Pfhrp2/3 genotyping results from RDT positive but microscopy and qPCR-negative samples
We had an additional category of samples (23) that were positive for P. falciparum by RDT, but negative by both microscopy and qPCR. Like the qPCR negative group, the samples were genotyped at the dhfr locus to select positive DNA samples for Pfhrp2 and Pfhrp3 testing. Of the 23, only 5 (1.45%) were positive for dhfr and of the 5, Pfhrp2/3 data was obtained from 4 samples. Two (0.6%) of the four samples was positive for both hrp2 and hrp3, 2 (0.6%) were Pfhrp3 negative only, while 1 (0.3%) was Pfhrp2 negative only. None of the samples was negative for both Pfhrp2 and Pfhrp3.
Effect of parasitemia on Pfhrp2/3 genotyping
We further assessed if the level of parasitemia influenced whether a sample tested positive or negative for Pfhrp2, Pfhrp3 or both. There were 231 samples with Pfhrp2/3 genotypes out of the total 345 samples. The geometric mean parasitemia of the respective Pfhrp2/3 genotypes was 61,965 parasites/μl (Pfhrp2/3 + ve), 6,088 parasites/μl (Pfhrp2 + ve, Pfhrp3−ve), 44,247 parasites/μl (Pfhrp2−ve, Pfhrp3 + ve), and 32,212 parasites/μl (Pfhrp2/3−ve). Overall, the analysis revealed that the Pfhrp2 and Pfhrp3 negative and Pfhrp2−ve only samples had similar levels of parasitemia as those that tested positive for both genes (Figure 2). However, there was a significant difference in parasitemia between the Pfhrp3−ve only and Pfhrp2 + ve/hrp3 + ve samples (p = 0.033, Figure 2). Parasitemia levels were generally lower between samples that were discordant by either microscopy or qPCR and those that were non-discordant. Samples that were microscopy positive, but RDT negative had significantly (p = 0.0087) lower levels of parasitemia compared to those that were both microscopy and RDT-positive (Figure 3A), though cognizance is taken of the expected low numbers of discordant samples. There were 25 qPCR + ve/RDT−ve samples in total, however only 6 of these had microscopy data, and only 150 of the 216 qPCR + ve/RDT + ve samples had microscopy data. The low numbers of qPCR + ve/RDT−ve samples are likely to have attributed to the lack of significance observed in the comparison with qPCR + ve/RDT + ve samples (p = 0.065, Figure 3B).
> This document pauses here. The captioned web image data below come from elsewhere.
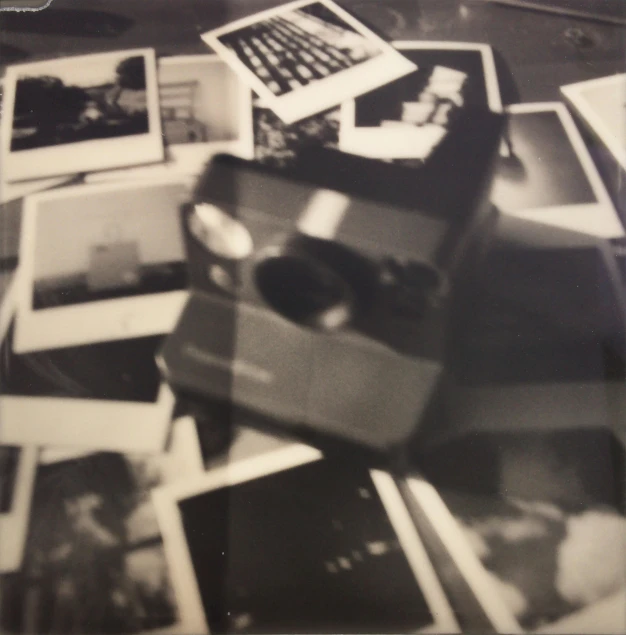 a pile of black and white photos sitting on top of a table, a polaroid photo, inspired by Louis Faurer, camera obscura, album cover, low quality photo, camera looking down upon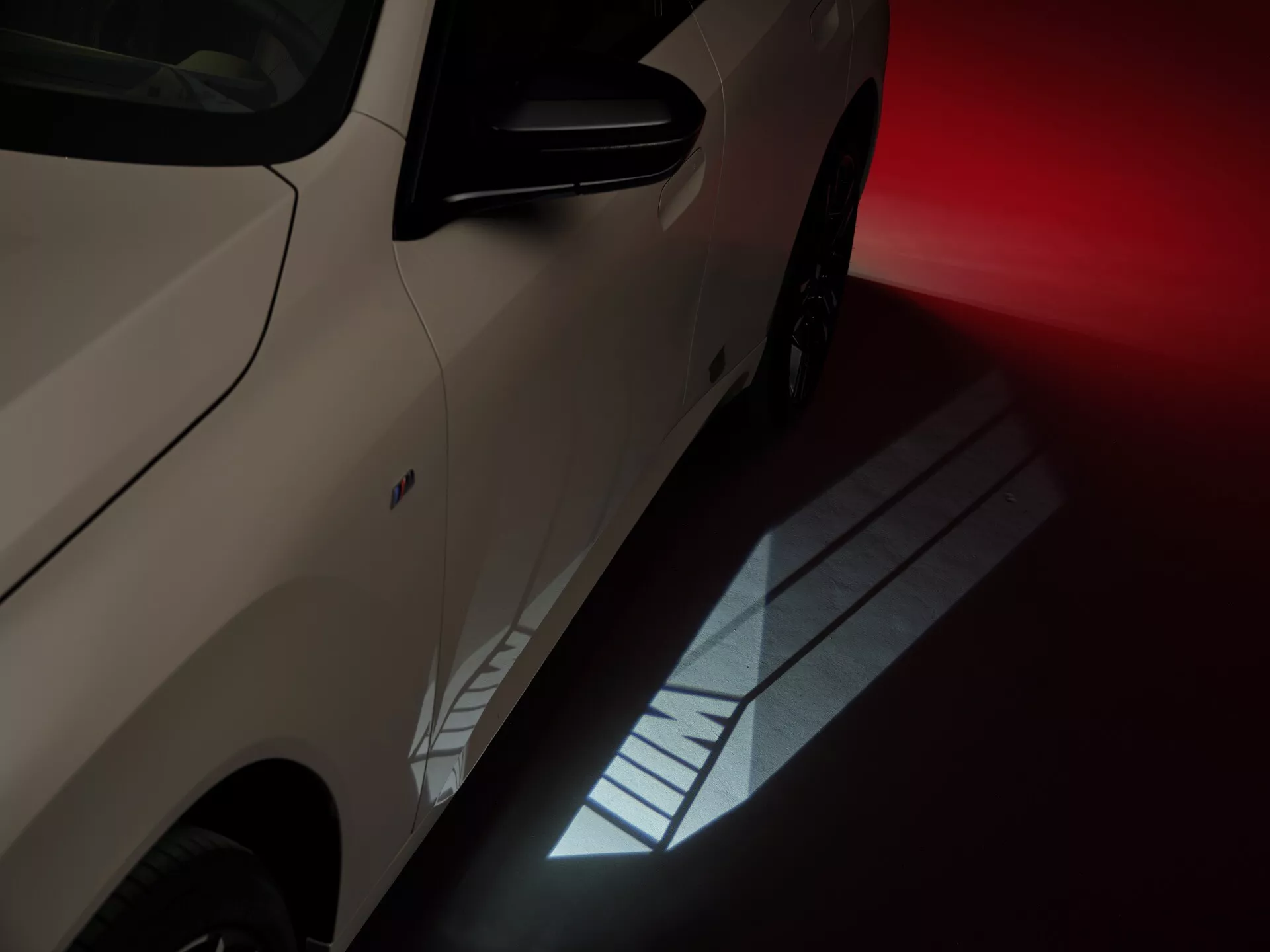 Zbliżenie i kątowe zdjęcie bocznego profilu BMW X3 2024 (G45), pokazujące przednie koło, błotnik i część przednich drzwi pasażera z widoczną felgą aluminiową i klamką drzwi. Oświetlenie tworzy dramatyczną atmosferę z silnymi odbiciami na metalicznym, szampańskim lakierze samochodu, sugerując ustawienie w salonie lub stylizowanej sesji zdjęciowej.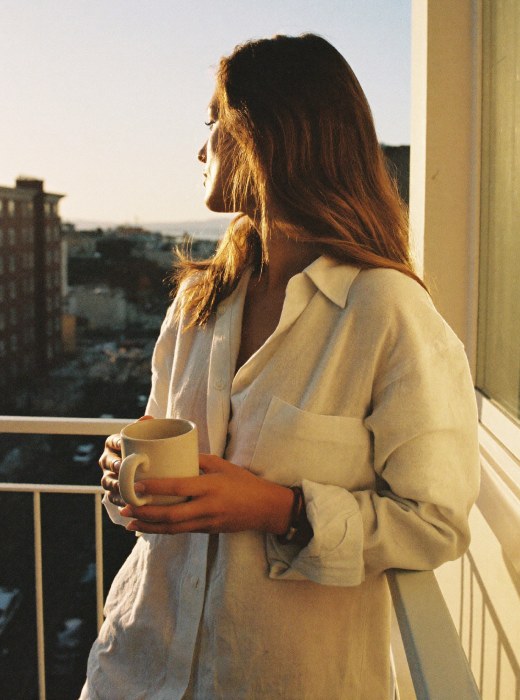 Woman holding a mug on a sunlit balcony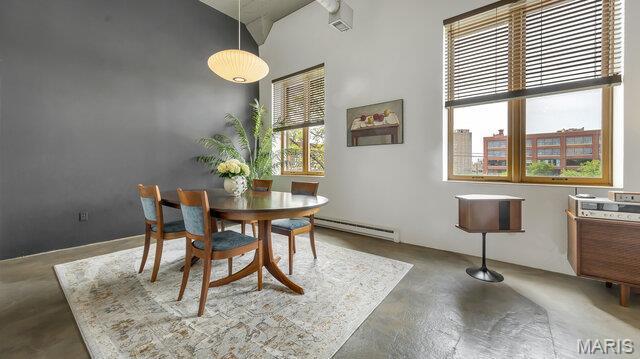 4100 Laclede Ave Unit 314, Saint Louis, MO 63108 - dining area featuring concrete flooring, a baseboard radiator, and a high ceiling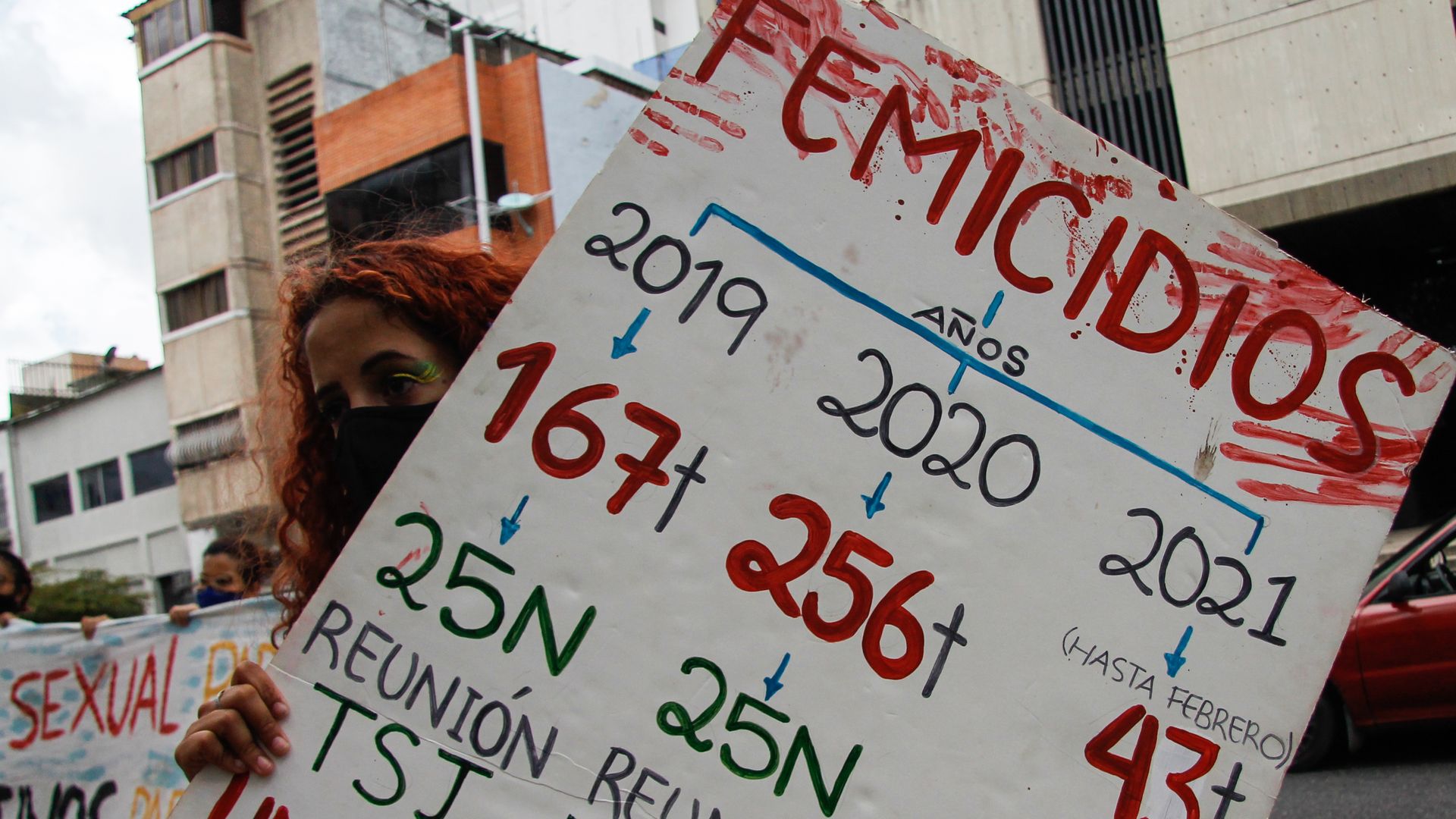 Photo of a woman holding a sign that indicates the number of femicides in Venezuela in Spanish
Figure 2. A comparison of the microscopy log base 10 parasitemia of the Pfhrp2/3 genotypes. The log10 geometric mean of the Pfhrp2/3 genotypes was, 4.30 (32,212 parasites/µl), 4.53 (44,247 parasites/µl), 3.61 (6,088 parasites/µl) and 4.69 (61,965 parasites/µl) for hrp2−ve/hrp3−ve, hrp2−ve/hrp3 + ve, hrp2 + ve/hrp3−ve and hrp2 + ve/hrp3 + ve, respectively. The hrp2 + ve/hrp3−ve group had significantly lower levels of parasitemia than the hrp2 + ve/hrp3 + ve category (t-test p < 0.05), in the overall sample set. There was no difference (p > 0.05) in parasitemia among the other hrp2/3 genotypes.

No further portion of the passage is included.